Libertà di cura o libertà di salute?

Le rabbiose controversie che hanno duramente segnato, nelle ultime settimane, la vicenda dei vaccini, hanno, se non altro, ed a prescindere dal merito della questione, messo in evidenza alcuni profili del nostro mondo globalizzato che meritano di essere attentamente osservati e tenuti presenti anche a futura memoria.

Anzitutto, la salute, anzi l'impegno personale a conservare la propria condizione di benessere non può più essere considerato solo un "diritto", bensi' assume il rilievo di un "dovere" morale e civile.
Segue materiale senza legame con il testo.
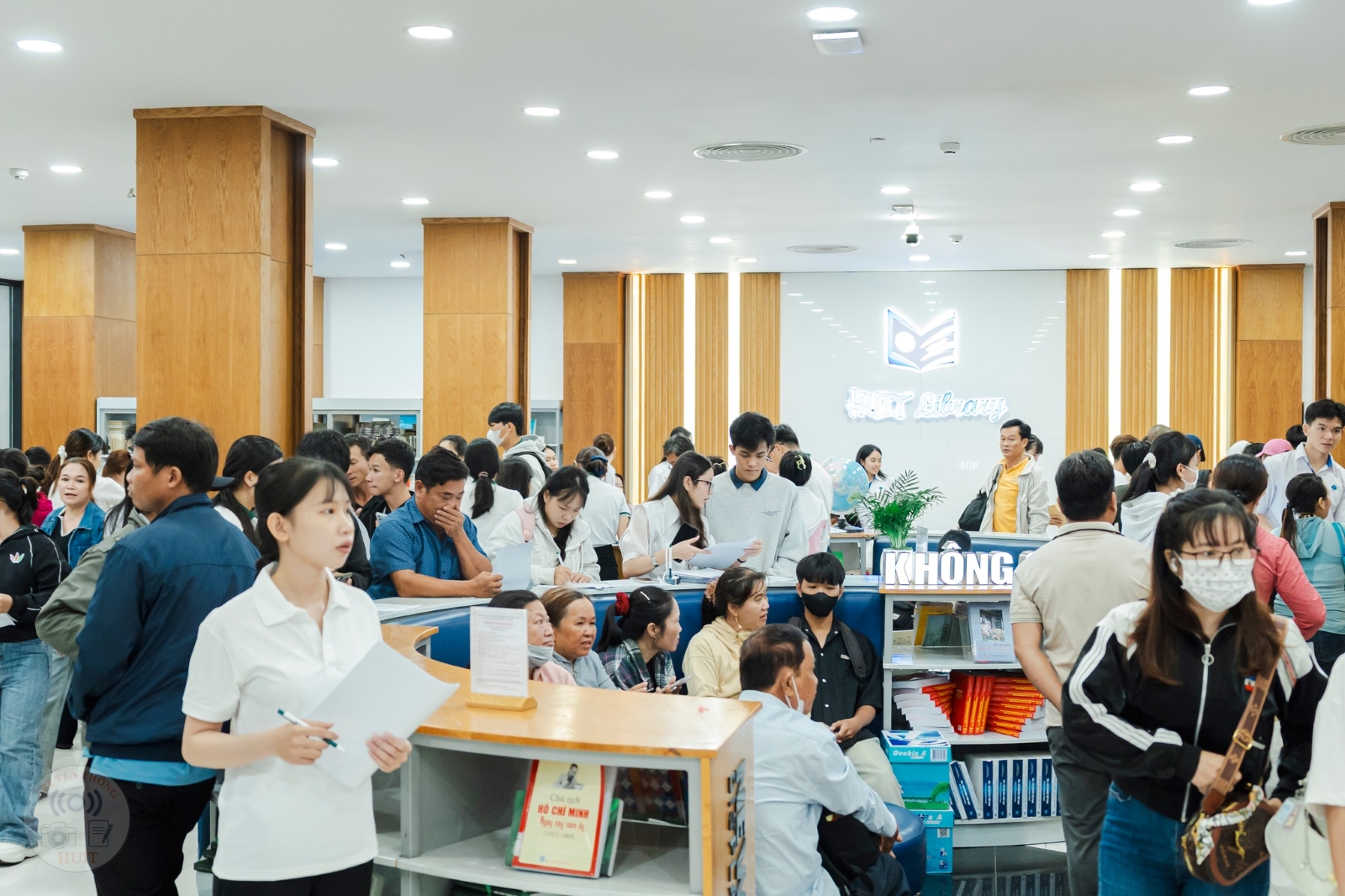 Nghị quyết 71-NQ/TW: Tưới nước cho 'bộ rễ' đại học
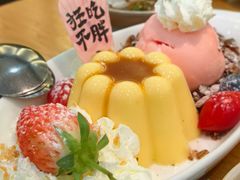 -高基五春川炒鸡排 韩国料理(威海总店)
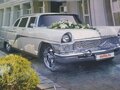 1959 ГАЗ 13 «Чайка», белый, 50000000 рублей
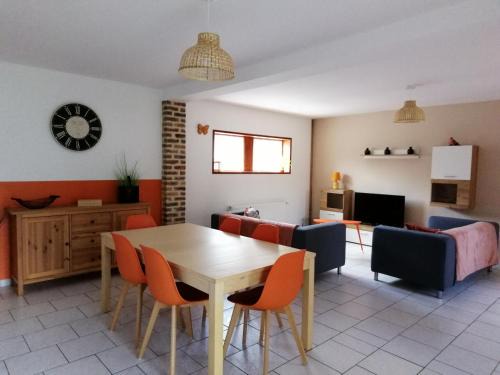 Merville Casa | Le Marais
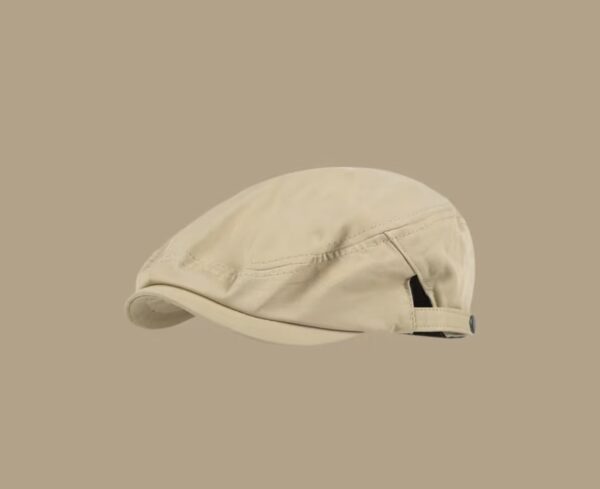 K Style Berets 1-2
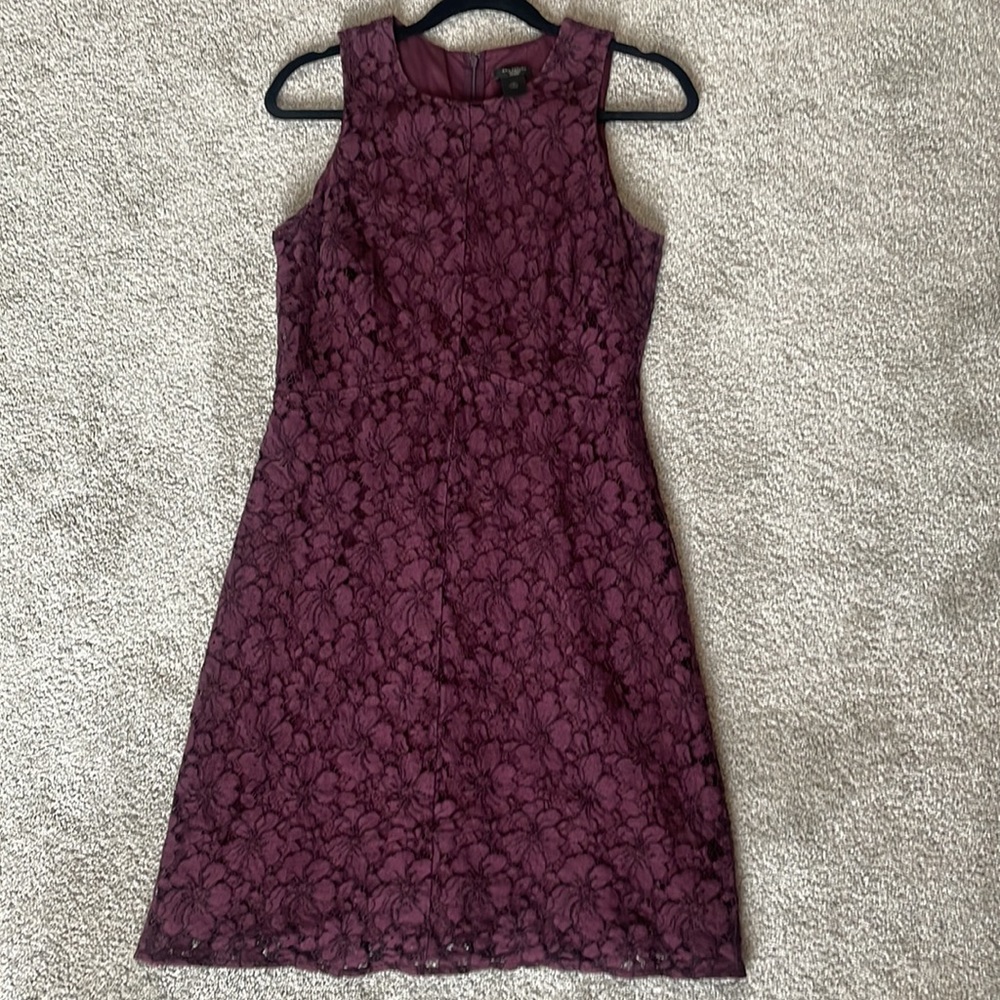 Ann Taylor Factory Dress - Size 10 Petite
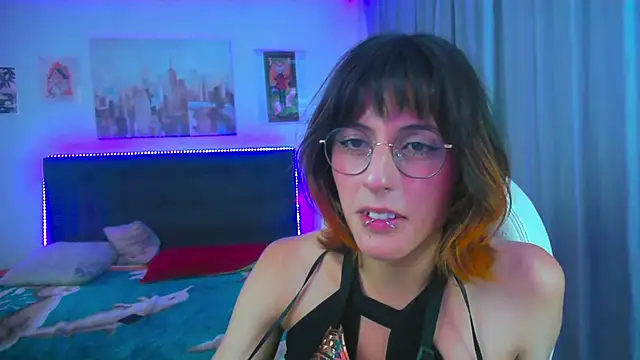 goth_minerva's Live XXX Chat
I rapporti interpersonali, le comunicazioni in tutte le loro forme sono talmente intense, insistite e continue da esigere, anche nel campo della salute, un più alto senso di responsabilità, la consapevolezza che si condivide davvero, non solo idealmente, ma in termini terribilmente concreti un orizzonte comune.
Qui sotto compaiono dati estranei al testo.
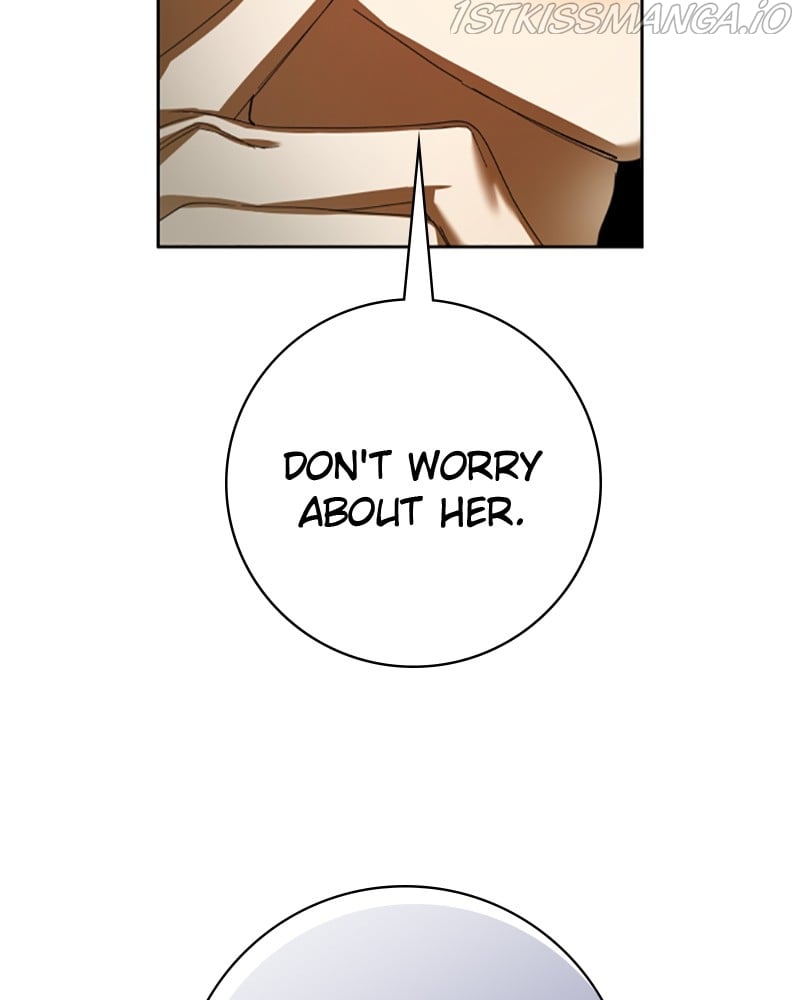 Read Your Throne chapter 128.5 image 45 on Lezhin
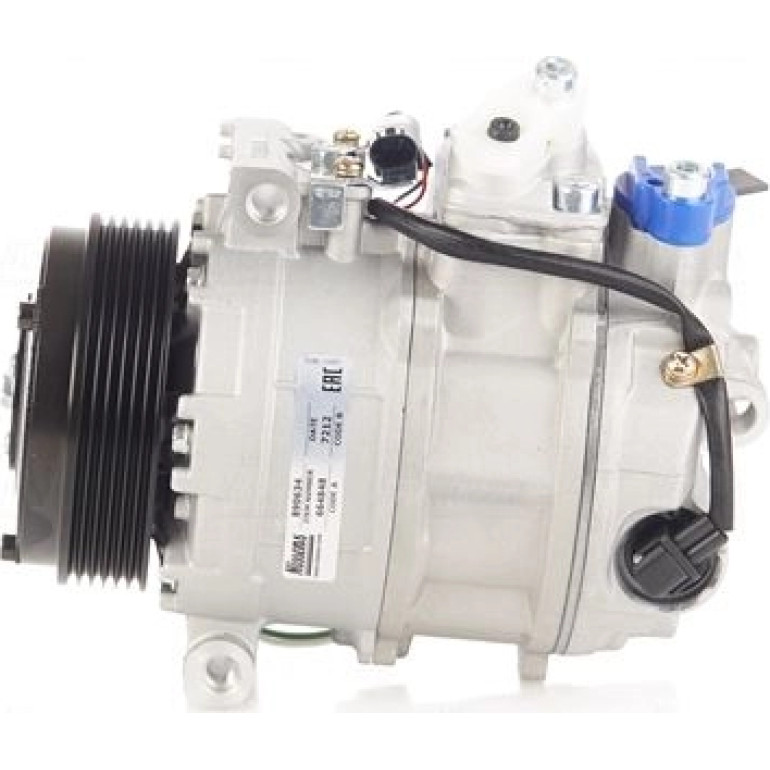 Kompressor PKW 89063 Kompressor PKW 89063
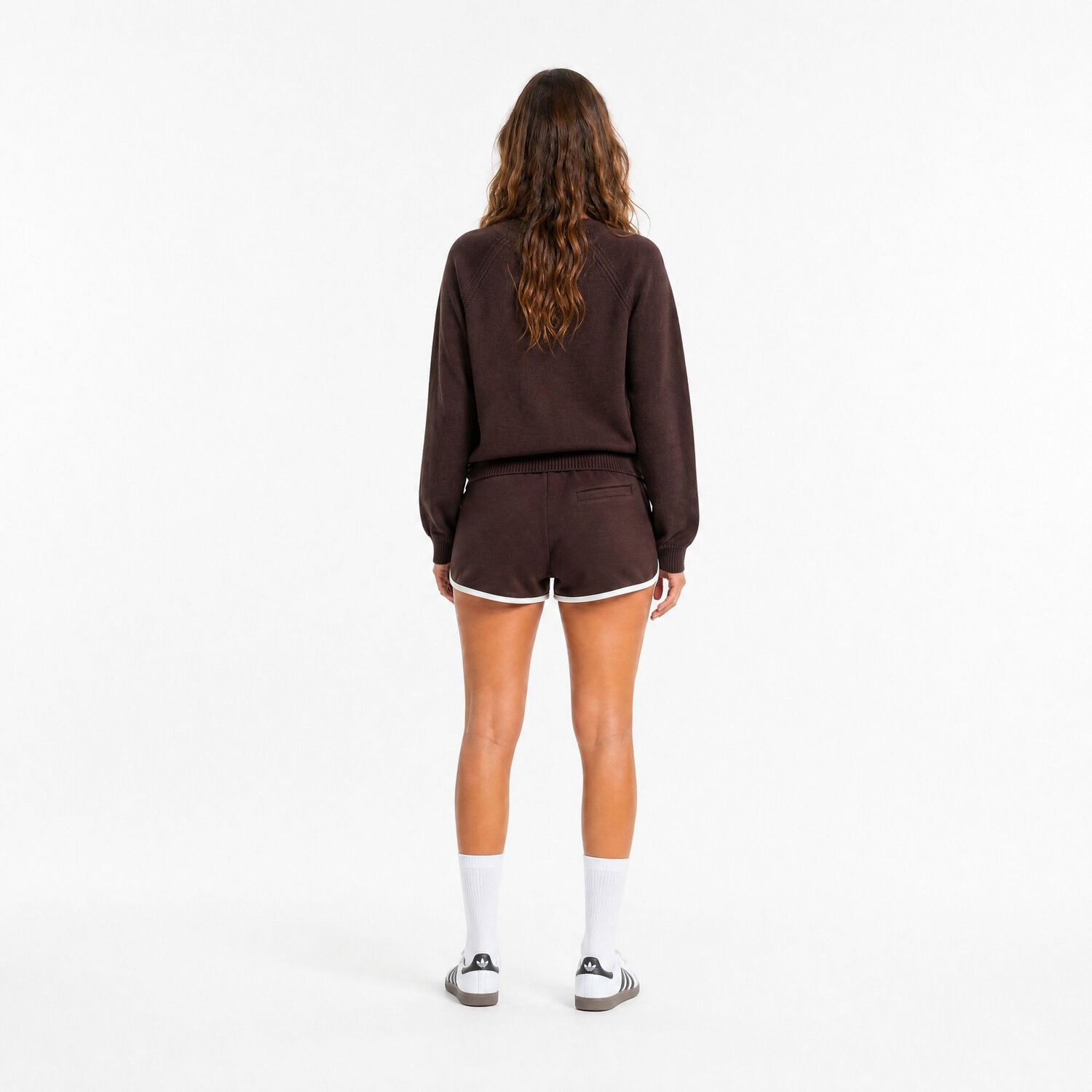 Sweater Mujer Freedom image number 1.0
Non vale solo per i vaccini o, ad esempio, per il fumo o per l'esemplarità degli stili di vita.

La responsabilità nei confronti di se stessi e la solidarietà nei confronti del prossimo si incrociano, si sovrappongono, si condizionano e, al tempo stesso, si possono sostenere a vicenda.

E qui - se ci è consentito - troviamo una conferma importante della nostra cultura.

Stupisce - ma, in fondo, fino ad un certo punto - che nella stagione storica più fortemente caratterizzata dai successi della scienza, segnatamente in campo bio-medico, e dalla loro più ampia divulgazione a livello della pubblica opinione, possa verificarsi una divaricazione così virulenta in ordine alla loro accettazione o meno, circa la loro corretta interpretazione.

Evidentemente la scienza per un verso entusiasma, per altro verso intimorisce.

Forse perché non da' conto di se' in modo più oggettivo e convincente?

Forse perché spesso appare talmente sicura di se', perfino invadente, incurante di ogni limite e, nel contempo, così ripiegata sul profilo tecnico, da smarrire un più credibile riferimento alla dimensione "umana" della partita in gioco?

Forse perché appare appannaggio esclusivo degli "addetti ai lavori" o addirittura troppo condizionata o condiscendente nei confronti del potere di turno o delle ragioni del mercato?

Si tratta di un fenomeno che non va sottovalutato, men che meno proprio da chi fa ricerca, perché anche la scienza ha bisogno di un consenso diffuso e qui potrebbe trovare un ostacolo o un limite difficilmente superabile.

Infine, è apparso del tutto evidente come oggi la politica cada troppo facilmente in strumentalizzazioni, quando addirittura non vi ricorra espressamente.

Si scivola in una Bebele indecifrabile, i toni si alzano quanto più le ragioni sbiadiscono, gli argomenti diventano bandiere.

L'arte del "governare", cioè del decidere promuovendo il consenso e l'adesione consapevole agli indirizzi assunti, cioè l'esercizio della legittima autorità rischia, al di là delle buone intenzioni,  di vestire i panni dell'autoritarismo.

Il corpo sociale si frammenta, viene meno la capacita' di creare coesione attorno a quell' "interesse comune"  - ed i vaccini sicuramente lo incarnano - che è la sola cornice in grado di legittimare la dinamica degli interessi particolari.